Changes in credibility are fundamentally about changes in the process by which people form expectations. But as far as consumer expectations are concerned, that process appears remarkably stable. For example, if you use data through the early 2000s to estimate equations that link inflation expectations to contemporaneous inflation, you will find that those relationships fit remarkably well out of sample. They don’t show the systematic underprediction of inflation expectations one might expect if the Fed had suffered a significant loss of credibility at this point. The dependence of consumer inflation expectations on recent data also leads me to believe that they will fall if, in fact, headline inflation comes down as we are predicting as commodity prices level off.

Furthermore, I don’t think that households’ elevated expectations will make it harder to achieve our projections.

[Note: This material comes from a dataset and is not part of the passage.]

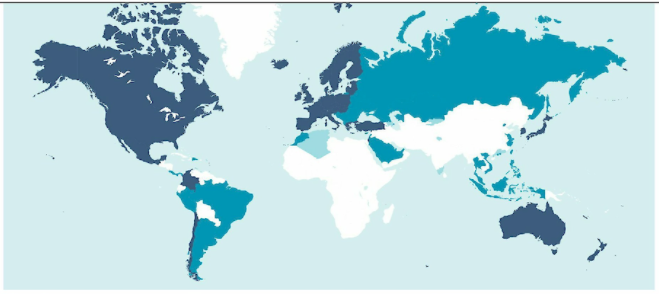 Overzicht deelnemende landen PISA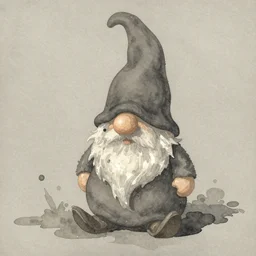 muted color!! ( ( ( ( ( ( ( ( ( ( ( ( ( ( ( ( ( watercolor of a ( ( gnome ) ) painterly, granular dripping running. very muted colors. ) ) ) ) ) ) ) ) ) ) ) ) ) ) ) ) ) by jean - baptiste monge!!!!!!!!!!!!!!!!!!!!!!!!!!!!!!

Earlier research suggested that surveys did, in fact, provide useful information about future inflation. But during the past 15 or 20 years, the actual inflation process has become much less persistent even though households appear to assume otherwise. There is, thus, a notable divergence between the actual inflation process and the one that is embodied in consumers’ inflation forecasts. As a result, inflation forecasts incorporating consumer expectations have been a lot less than stellar over this recent period. So it does not appear unreasonable to believe that the effects of recent commodity price shocks will wear off faster than consumers are expecting. An unresolved question is, Whose expectations matter for the dynamics of inflation? I take some solace from the fact that 10-year inflation expectations in the Survey of Professional Forecasters have been relatively stable since the late 1990s and from the fact that five-to-ten-year breakeven rates on TIPS are below their peaks from earlier in the year.

Taken all together, I think inflation expectations remain reasonably well anchored. The oil price increases have led me to raise my projections for overall PCE inflation sharply. Cost pressures are likely to push core inflation up a bit, though I see less pass-through than the Greenbook does. Higher oil prices and interest rates and lower housing prices have led me to modestly reduce my forecast of growth in the second half of this year and next year. My forecast is predicated on fed funds rate increases that begin in December of this year, gradually bringing the funds rate to 4¼ percent in 2010.

Briefly, on the issue of long-term economic projections, I welcome greater transparency about our long-term objectives. I think that would be beneficial, and there is a good reason, as you have articulated, to try to do that now, given that for many of us—certainly for me—2010 is not long enough for me to project that the economy will have converged to a steady state. My preference is to provide projections of the average values for output growth, unemployment, and total inflation that are expected, say, five to ten years out. I think that these values can communicate the necessary steady-state information without burdening us with forecasting every year of the transition to the steady state. Also, I would favor conducting a trial in October.